Figure 6: Public Health Advisory sign on Neponset River (T. Palmer)
- Improving and restoring instream habitat quality. Often altered in urban areas, river contours and riparian habitats and buffers can be restored to a more natural state to improve water quality. Water pollution can be reduced. Waterway blockages can be removed or altered to restore waterway connectivity and water flow.
- Improving spawning habitat quality. Spawning habitat substrate can be restored and protected. Water quality can be improved. Riparian buffers can be restored. Water withdrawals can be reduced and groundwater recharge can be increased in the watershed.
- Improving hydrology. Water withdrawals can be reduced and groundwater recharge can be increased in the watershed, to improve water flow in the waterway.
|Figure 7: Walter Baker Dam, Neponset River (T. Palmer)|
A migratory fish restoration technique that is less directly tied to habitat is to propagate fish to re-stock depleted waterways.
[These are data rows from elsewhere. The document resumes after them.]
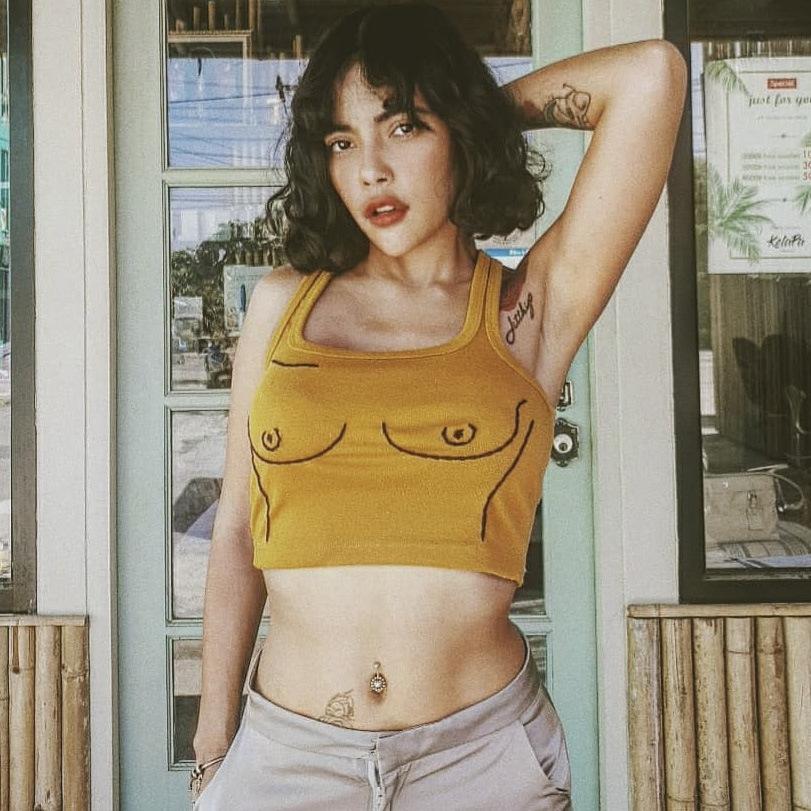 Вышитая маленькая майка с подтяжками для женщин, летняя верхняя одежда, облегающий крой, открытый пупок и топ без рукавов с низом для женщин
Вышитая маленькая майка с подтяжками для женщин, летняя верхняя одежда, облегающий крой, открытый пупок и топ без рукавов с низом для женщин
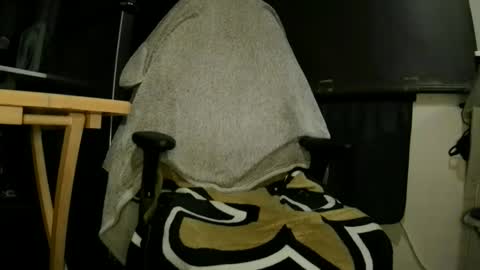 Snapshot of nudusmaximus chatting on December 19, 12:17 am nudusmaximus online show from December 19, 12:17 am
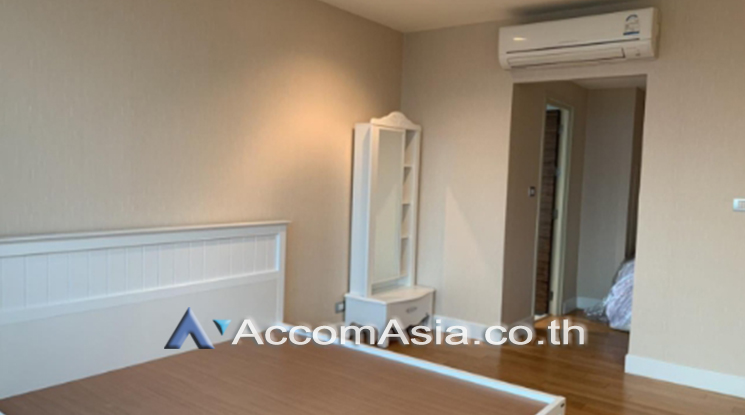 8  3 br Condominium For Rent in Charoen Nakhon ,Bangkok BTS Krung Thon Buri at WaterMark Chaophraya River AA25626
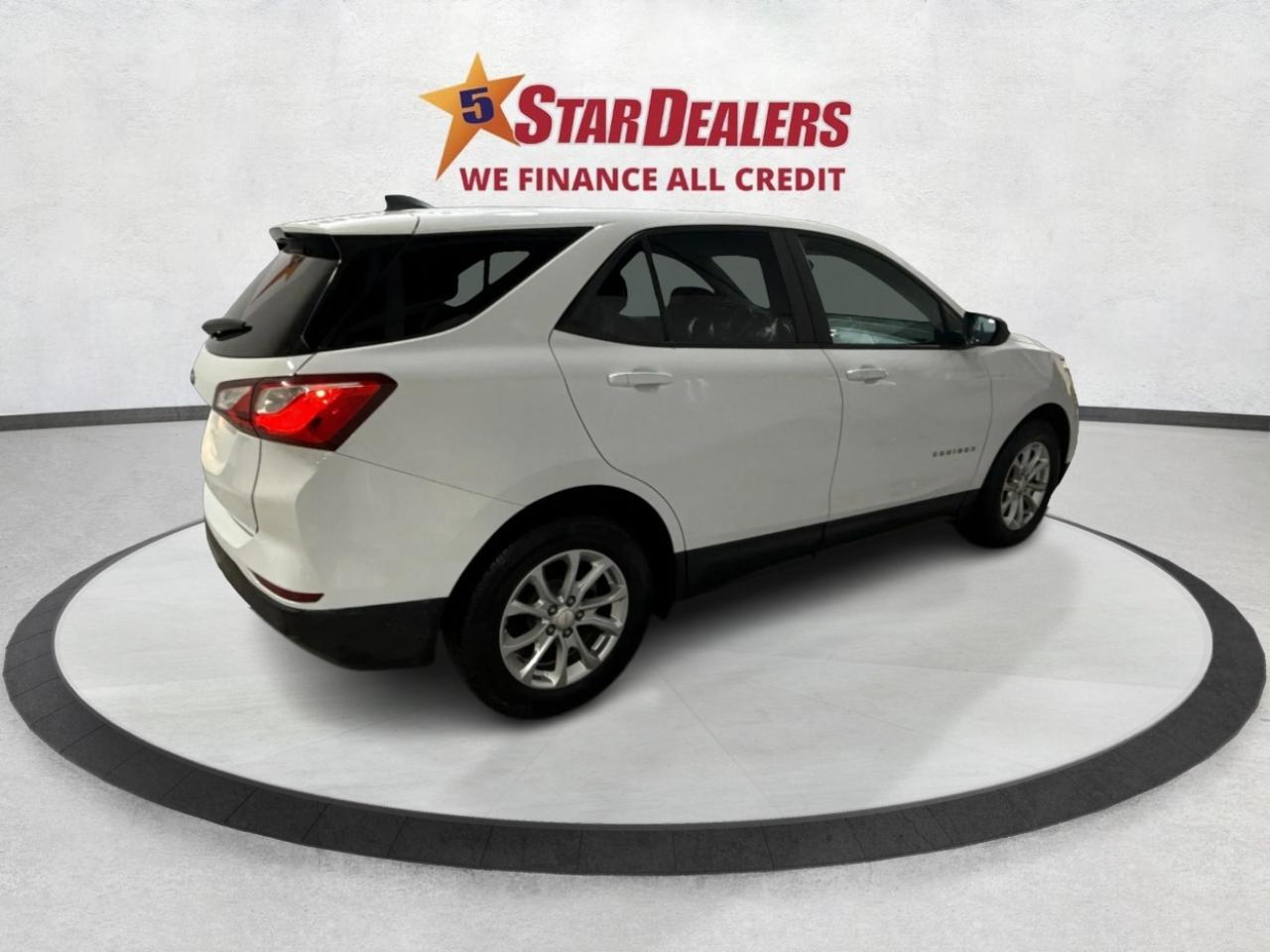 2020 Chevrolet Equinox LS MINT CONDITION POWER SEATS WE FINANCE ALL CREDT Photo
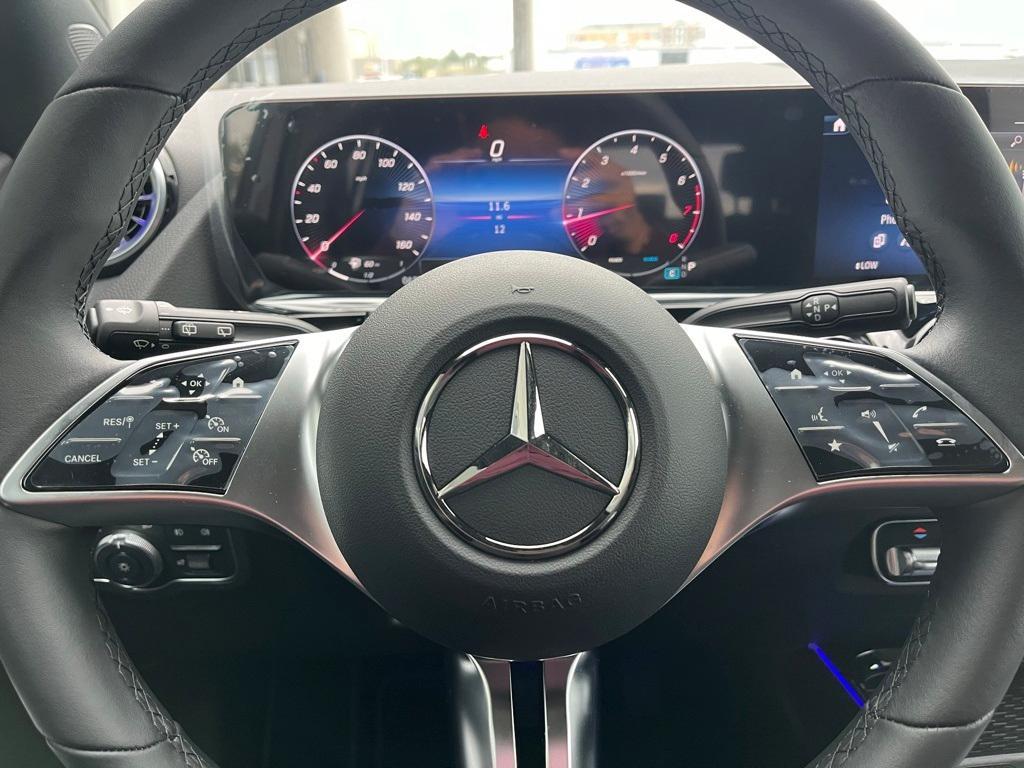 new 2025 Mercedes-Benz GLA 250 car, priced at $49,235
Fish, their larvae or eggs can be harvested from one river and moved to another. The juvenile fish imprint on the new site and eventually return there to spawn, thereby boosting local fish populations. River herring and American shad have benefited from propagation.
Protection and restoration opportunities for diadromous fish habitat in the Boston Harbor region include the following:
- Support existing restoration efforts. DMF has identified and begun to implement many fish passage projects in the Boston Harbor region. There is a need for help with montioring and data gathering for some of these projects. A protection/restoration priority is to build local capacity to aid in the implementation of these DMF projects.
Develop a herring warden/local steward network. Develop a network of stewards for the diadromous fish habitat in the Boston Harbor region by connecting existing herring wardens or identifying a local steward for each fish run or watershed. Create a network for sharing information and experiences.
Gather and incorporate local information. After creating a network of fish habitat stewards, use the resources to identify restoration priorties not identified by DMF. Incorporate fish warden and watershed association perspectives into the protection and restoration opportunities.